While the efforts of both marketing and sales represent the ultimate validation of a product or service envisioned by an entrepreneur; it is important to remember they follow the entrepreneur’s vision of a creative product. They do not lead it. Customers do not know what they want. They only know whether they value something once it is presented to them. The most innovative products that came from the greatest entrepreneurial minds did not arise from marketing research assessing the needs and wants of customers. In fact, for most of them, there were no customers they could talk to as there were no products as yet for customers to consider. Initially these products existed only as a vision in the creative minds of those entrepreneurs who asked not what is, but rather what could be. Customers only know whether they value something once it is offered to them for consideration. It is the responsibility of the entrepreneur, following their vision, as the creator of a product or service, to present to customers their value proposition, trusting the customer will value it as much as they do. The more innovative the product, initially the more difficult it will be for customers to assess its value as it attempts through “creative destruction” to replace the existing products they are familiar with,
“Embrace change. Envision what could be, challenge the status quo, and drive creative destruction.”
Charles Koch
Here are some real examples. When it was suggested to Steve Jobs that he should do market research to see what customers wanted he replied, “Some people say, ‘Give customers what they want.’ But that’s not my approach. Our job is to figure out what they’re going to want before they do. I think Henry Ford once said, ‘If I’d asked customers what they wanted, they would have told me, “A faster horse!”’

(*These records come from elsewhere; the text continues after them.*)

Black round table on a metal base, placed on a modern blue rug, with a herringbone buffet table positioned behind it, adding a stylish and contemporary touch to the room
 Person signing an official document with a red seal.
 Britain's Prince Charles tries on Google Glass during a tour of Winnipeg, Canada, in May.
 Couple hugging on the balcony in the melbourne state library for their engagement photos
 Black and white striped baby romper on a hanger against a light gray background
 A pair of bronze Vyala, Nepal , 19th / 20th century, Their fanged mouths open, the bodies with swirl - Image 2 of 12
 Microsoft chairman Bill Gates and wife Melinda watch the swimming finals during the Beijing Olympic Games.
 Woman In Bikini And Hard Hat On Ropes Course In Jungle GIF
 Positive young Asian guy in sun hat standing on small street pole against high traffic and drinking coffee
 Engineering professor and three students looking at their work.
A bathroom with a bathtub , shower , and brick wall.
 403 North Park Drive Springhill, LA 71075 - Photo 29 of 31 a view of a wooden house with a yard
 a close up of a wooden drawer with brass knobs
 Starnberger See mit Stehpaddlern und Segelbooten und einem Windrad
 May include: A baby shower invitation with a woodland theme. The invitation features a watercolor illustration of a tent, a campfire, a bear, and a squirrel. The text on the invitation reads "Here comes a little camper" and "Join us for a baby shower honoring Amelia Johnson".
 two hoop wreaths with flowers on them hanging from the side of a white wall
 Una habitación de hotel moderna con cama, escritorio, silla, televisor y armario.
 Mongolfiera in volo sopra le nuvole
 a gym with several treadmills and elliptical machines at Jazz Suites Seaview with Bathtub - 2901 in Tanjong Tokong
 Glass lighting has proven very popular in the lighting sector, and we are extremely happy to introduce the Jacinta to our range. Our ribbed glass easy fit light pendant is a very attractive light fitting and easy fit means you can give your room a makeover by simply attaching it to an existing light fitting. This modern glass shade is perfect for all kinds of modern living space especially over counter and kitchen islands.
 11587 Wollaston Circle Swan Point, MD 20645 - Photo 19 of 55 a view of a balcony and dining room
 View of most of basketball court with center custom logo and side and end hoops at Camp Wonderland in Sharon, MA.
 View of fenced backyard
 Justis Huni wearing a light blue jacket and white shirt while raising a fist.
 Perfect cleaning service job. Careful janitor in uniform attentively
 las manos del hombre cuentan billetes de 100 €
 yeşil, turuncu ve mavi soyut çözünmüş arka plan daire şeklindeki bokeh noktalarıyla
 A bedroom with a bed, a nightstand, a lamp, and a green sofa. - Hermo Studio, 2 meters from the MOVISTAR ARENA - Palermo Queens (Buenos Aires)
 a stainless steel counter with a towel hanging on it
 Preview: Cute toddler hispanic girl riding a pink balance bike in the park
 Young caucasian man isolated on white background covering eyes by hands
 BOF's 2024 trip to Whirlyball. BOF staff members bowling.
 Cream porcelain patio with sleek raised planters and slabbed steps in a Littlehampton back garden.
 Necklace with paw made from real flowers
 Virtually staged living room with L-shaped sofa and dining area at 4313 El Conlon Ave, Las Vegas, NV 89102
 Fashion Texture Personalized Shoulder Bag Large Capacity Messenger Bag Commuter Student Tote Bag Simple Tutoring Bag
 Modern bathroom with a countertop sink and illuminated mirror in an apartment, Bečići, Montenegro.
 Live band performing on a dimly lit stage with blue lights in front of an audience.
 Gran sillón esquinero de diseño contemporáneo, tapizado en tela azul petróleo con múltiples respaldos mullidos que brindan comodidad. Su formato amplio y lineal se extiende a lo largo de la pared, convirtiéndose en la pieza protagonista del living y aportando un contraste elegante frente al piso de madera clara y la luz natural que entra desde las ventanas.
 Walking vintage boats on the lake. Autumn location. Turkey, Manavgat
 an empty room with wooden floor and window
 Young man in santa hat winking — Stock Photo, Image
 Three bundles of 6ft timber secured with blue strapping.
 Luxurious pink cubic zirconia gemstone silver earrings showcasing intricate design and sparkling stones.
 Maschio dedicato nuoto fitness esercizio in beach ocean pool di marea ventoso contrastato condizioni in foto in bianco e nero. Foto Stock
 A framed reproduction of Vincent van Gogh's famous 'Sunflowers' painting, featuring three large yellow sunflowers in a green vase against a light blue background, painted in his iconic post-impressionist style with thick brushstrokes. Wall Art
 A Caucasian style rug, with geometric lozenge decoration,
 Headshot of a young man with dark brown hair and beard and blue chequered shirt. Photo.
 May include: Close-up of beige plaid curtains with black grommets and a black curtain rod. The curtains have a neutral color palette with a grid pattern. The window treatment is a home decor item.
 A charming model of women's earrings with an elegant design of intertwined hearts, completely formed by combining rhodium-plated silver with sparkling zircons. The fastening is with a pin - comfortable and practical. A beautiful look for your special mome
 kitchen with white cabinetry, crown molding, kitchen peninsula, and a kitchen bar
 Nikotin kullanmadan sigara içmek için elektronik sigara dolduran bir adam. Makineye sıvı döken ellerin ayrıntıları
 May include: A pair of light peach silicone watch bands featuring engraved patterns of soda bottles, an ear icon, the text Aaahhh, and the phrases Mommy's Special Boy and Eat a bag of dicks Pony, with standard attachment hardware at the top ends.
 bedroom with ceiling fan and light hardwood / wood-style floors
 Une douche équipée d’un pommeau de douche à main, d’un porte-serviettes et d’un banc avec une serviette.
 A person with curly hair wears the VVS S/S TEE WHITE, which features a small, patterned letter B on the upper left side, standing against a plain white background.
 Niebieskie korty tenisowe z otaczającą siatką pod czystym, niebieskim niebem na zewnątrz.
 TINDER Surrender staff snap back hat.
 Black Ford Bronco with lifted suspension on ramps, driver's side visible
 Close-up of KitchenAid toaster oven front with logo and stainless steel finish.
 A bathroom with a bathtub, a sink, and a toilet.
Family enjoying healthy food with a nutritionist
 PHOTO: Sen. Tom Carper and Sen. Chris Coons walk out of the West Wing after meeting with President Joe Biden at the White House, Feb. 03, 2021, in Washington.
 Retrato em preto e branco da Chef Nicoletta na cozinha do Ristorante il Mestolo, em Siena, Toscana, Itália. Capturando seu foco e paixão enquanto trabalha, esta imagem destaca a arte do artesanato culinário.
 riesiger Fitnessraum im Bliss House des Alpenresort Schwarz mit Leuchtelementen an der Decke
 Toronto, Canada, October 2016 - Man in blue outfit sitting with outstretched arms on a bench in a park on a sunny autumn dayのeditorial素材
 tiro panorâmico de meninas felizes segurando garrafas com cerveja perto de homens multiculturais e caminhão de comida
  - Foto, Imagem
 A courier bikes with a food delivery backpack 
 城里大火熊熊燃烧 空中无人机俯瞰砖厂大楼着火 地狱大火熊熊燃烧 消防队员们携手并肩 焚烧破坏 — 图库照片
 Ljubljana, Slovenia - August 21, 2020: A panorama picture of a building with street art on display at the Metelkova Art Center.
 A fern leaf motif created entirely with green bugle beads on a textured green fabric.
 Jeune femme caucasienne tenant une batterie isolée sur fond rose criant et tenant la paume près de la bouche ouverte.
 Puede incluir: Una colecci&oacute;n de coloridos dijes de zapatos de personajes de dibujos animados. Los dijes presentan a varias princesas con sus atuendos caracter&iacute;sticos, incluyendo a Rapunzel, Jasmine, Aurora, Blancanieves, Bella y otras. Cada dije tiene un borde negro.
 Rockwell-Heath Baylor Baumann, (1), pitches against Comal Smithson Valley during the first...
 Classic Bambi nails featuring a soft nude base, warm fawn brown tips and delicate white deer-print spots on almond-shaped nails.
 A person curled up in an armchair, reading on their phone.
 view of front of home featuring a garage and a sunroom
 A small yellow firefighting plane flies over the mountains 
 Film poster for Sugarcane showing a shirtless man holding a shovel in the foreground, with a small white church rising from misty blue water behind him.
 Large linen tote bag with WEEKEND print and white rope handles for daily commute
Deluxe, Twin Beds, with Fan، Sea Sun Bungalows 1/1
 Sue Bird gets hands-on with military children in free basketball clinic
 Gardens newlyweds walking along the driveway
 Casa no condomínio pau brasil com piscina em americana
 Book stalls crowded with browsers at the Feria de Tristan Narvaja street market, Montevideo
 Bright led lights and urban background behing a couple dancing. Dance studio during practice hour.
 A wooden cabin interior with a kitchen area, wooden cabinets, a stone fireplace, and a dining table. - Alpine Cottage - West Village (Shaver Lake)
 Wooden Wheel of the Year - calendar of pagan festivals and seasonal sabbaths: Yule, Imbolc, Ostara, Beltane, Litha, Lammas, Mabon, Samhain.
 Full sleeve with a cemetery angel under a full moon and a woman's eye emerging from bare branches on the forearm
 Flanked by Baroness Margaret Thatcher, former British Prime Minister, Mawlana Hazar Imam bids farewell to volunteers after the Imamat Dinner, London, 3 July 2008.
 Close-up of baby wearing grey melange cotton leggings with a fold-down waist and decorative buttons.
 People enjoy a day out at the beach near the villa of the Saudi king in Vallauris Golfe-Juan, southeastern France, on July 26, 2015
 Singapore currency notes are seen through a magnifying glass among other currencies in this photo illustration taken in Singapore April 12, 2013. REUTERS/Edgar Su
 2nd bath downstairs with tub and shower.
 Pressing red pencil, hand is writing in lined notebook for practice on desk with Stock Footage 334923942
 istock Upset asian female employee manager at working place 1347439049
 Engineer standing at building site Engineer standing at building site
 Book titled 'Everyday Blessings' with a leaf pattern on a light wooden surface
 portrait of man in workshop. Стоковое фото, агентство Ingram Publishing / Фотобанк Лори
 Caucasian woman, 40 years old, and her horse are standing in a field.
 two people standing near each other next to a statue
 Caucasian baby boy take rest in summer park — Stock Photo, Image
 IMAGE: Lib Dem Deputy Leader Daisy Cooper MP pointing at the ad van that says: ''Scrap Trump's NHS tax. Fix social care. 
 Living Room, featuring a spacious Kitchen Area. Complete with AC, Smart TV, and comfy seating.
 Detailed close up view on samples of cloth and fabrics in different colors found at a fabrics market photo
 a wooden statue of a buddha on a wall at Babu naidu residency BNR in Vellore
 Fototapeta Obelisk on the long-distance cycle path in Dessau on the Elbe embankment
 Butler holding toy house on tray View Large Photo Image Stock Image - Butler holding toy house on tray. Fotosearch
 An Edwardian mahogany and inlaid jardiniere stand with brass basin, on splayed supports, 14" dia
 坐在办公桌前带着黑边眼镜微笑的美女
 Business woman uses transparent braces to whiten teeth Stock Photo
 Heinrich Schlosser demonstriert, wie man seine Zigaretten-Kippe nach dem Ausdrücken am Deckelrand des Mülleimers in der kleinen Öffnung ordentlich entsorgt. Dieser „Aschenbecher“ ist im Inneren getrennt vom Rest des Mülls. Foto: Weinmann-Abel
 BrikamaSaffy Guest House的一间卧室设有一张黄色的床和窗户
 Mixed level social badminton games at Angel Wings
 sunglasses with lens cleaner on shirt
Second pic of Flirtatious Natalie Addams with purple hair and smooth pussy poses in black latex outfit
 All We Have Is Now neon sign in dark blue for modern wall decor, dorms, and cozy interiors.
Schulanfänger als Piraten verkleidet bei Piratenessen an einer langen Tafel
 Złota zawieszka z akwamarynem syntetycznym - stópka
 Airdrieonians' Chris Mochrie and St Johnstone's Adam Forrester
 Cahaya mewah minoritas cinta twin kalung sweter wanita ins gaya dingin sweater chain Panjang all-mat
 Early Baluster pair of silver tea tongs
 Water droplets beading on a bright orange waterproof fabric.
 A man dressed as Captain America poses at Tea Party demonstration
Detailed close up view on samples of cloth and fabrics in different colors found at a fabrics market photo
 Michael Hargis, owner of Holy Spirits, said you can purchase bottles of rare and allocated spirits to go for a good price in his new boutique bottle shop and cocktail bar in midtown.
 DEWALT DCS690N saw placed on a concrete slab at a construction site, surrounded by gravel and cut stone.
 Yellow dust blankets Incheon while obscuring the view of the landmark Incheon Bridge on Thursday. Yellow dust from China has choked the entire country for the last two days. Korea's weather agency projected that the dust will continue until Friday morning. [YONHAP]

“People don’t know what they want until you show it to them. That’s why I never rely on market research.”
Steve Jobs
Based on that approach Steve Jobs at Apple created a continuous stream of products from the Apple II to the iPhone for which there were no previously existing markets. Similarly Bill Gates had a vision of every individual owning a computer at a time when only large corporations owned computers. This has been the story of many great innovators throughout history, Rockefeller with oil, Carnegie with steel, Ford with automobiles, Carrier with refrigeration. What Richard Warren Sears did for product distribution through catalog sales beginning in the 19th century Jeff Bezos is doing through Internet sales with Amazon in the 21st century. They all had visions of products for markets that did not previously exist.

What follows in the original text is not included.